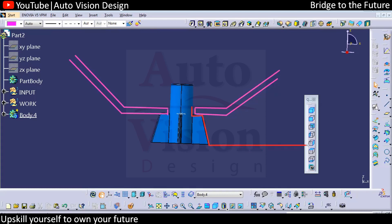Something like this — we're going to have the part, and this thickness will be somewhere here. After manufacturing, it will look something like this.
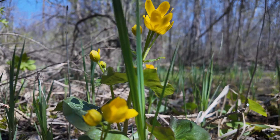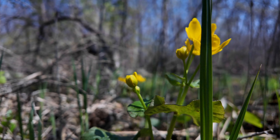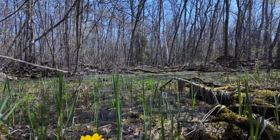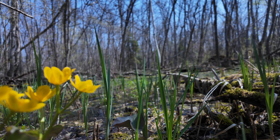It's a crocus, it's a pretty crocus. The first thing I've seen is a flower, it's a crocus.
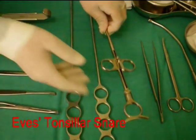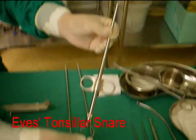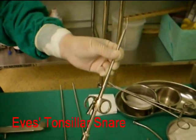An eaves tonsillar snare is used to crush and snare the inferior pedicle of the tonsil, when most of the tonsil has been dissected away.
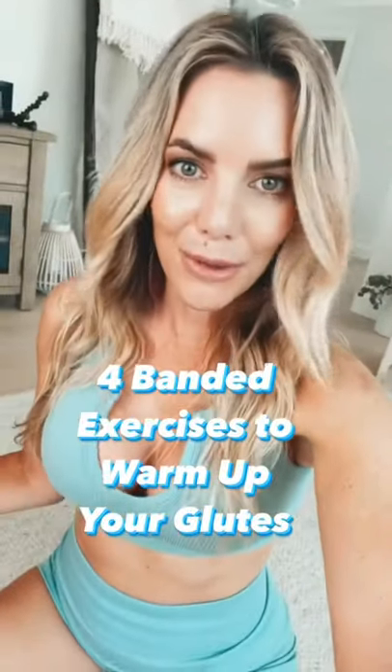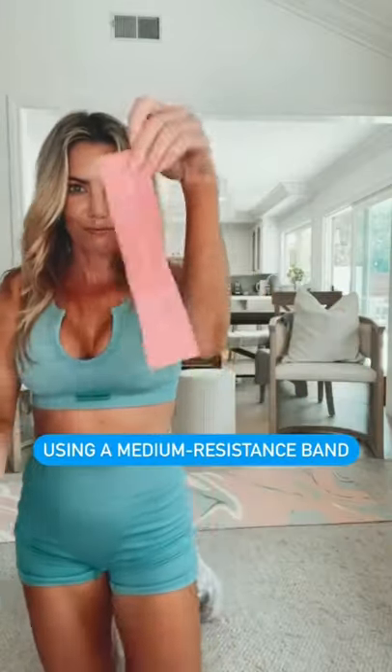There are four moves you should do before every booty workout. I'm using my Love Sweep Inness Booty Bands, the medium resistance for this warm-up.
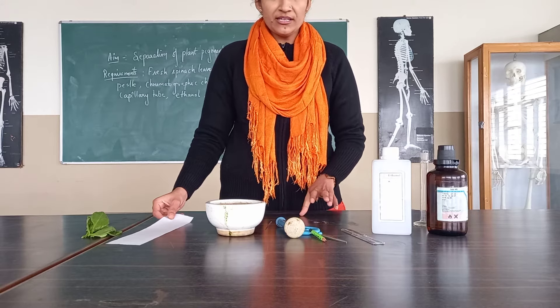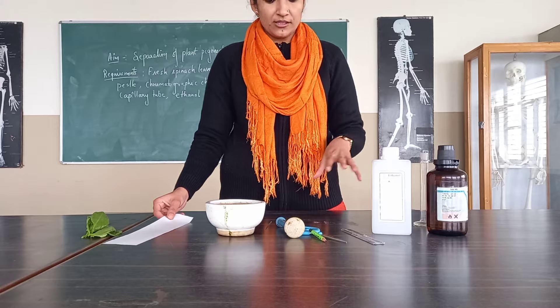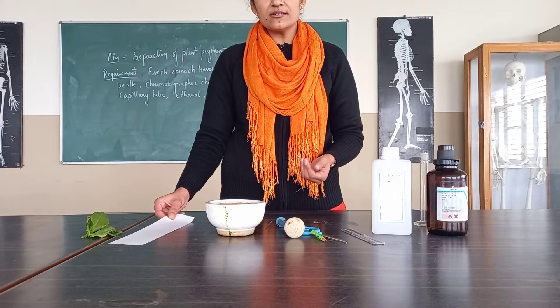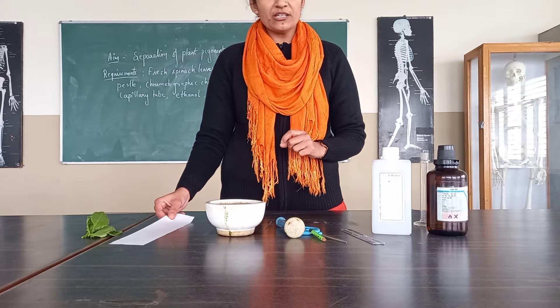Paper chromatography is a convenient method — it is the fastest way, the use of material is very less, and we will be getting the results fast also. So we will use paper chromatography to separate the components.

——

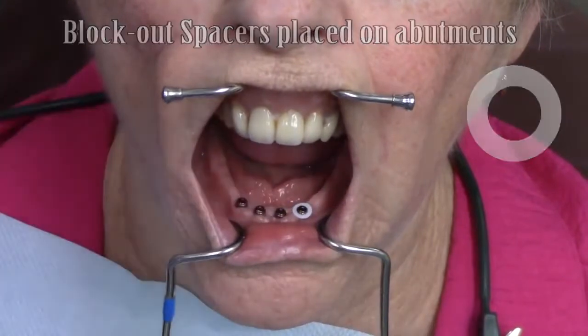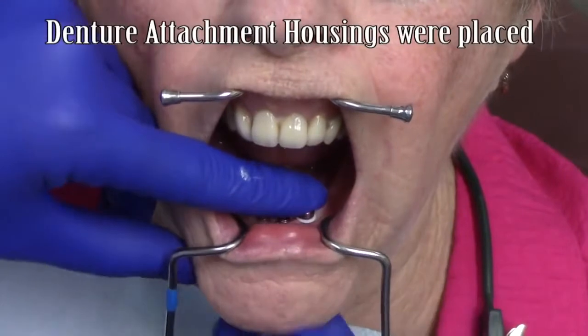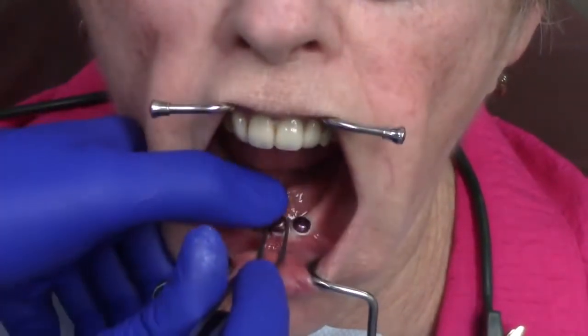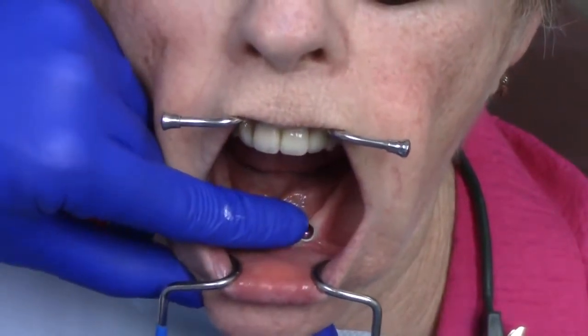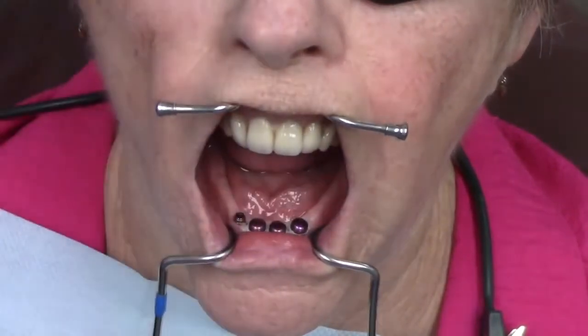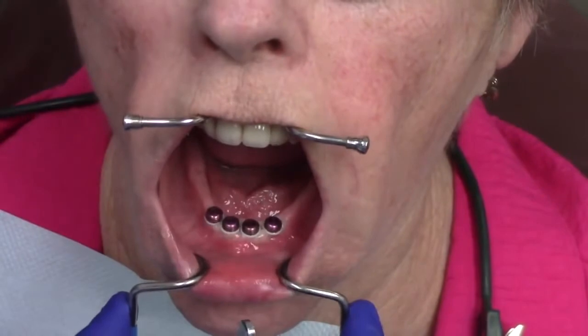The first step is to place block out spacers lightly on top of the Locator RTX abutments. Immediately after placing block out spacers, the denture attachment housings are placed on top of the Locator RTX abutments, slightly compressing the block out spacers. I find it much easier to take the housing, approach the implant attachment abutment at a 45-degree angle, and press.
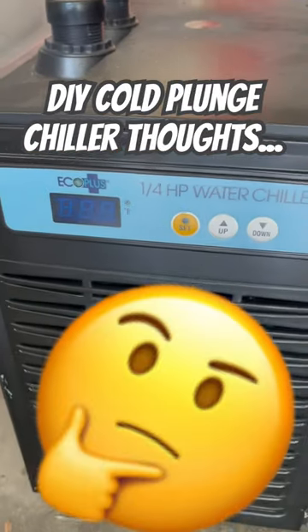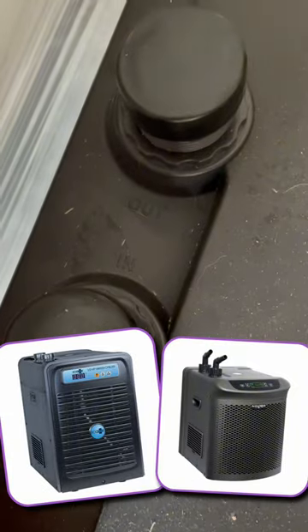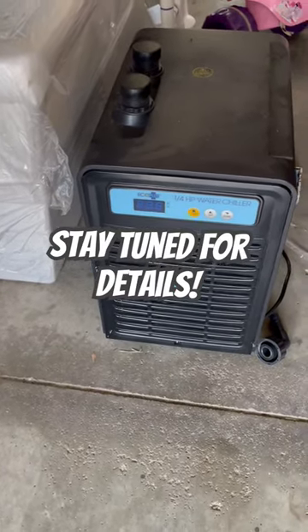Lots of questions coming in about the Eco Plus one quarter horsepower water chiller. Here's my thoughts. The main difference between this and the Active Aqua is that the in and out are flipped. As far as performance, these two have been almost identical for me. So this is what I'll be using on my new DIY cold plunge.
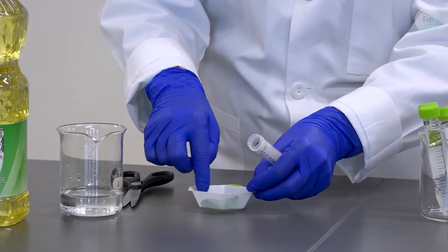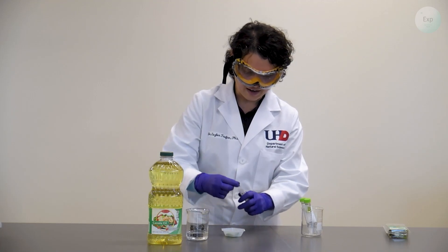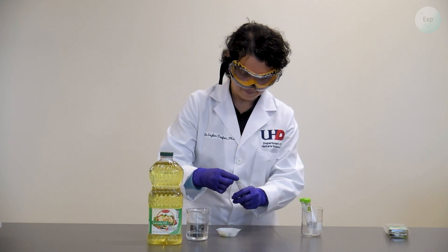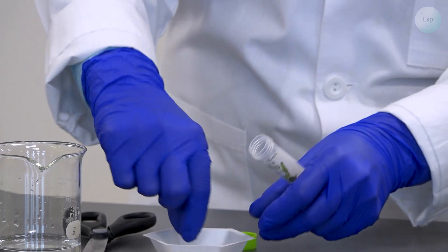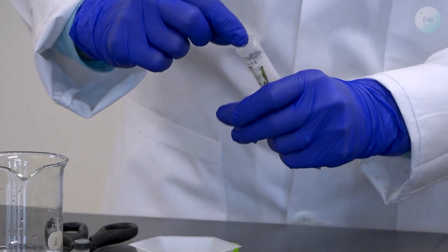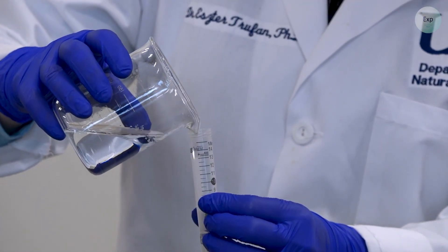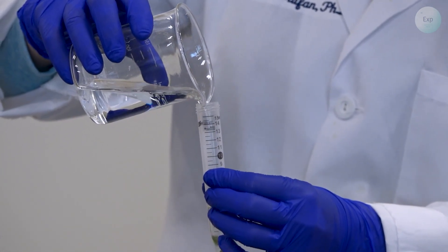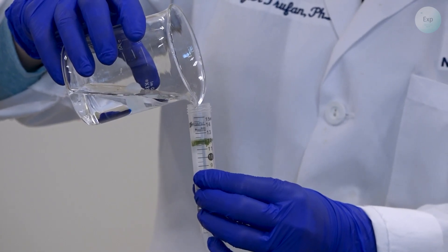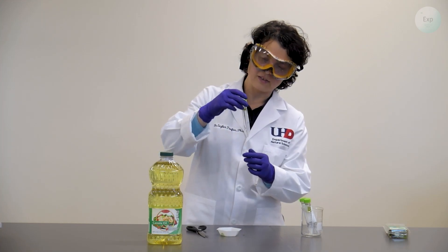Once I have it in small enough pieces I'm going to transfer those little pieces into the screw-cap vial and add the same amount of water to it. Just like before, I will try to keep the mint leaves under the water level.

——

Work to complete
Copy exactly the part of the material above that opens with the line containing "Something like this —" and closes with the line containing "There are four", ends included. Drop the images.

Task solution
Something like this — we're going to have the part, and this thickness will be somewhere here. After manufacturing, it will look something like this.
It's a crocus, it's a pretty crocus. The first thing I've seen is a flower, it's a crocus.
An eaves tonsillar snare is used to crush and snare the inferior pedicle of the tonsil, when most of the tonsil has been dissected away.
There are four moves you should do before every booty workout. I'm using my Love Sweep Inness Booty Bands, the medium resistance for this warm-up.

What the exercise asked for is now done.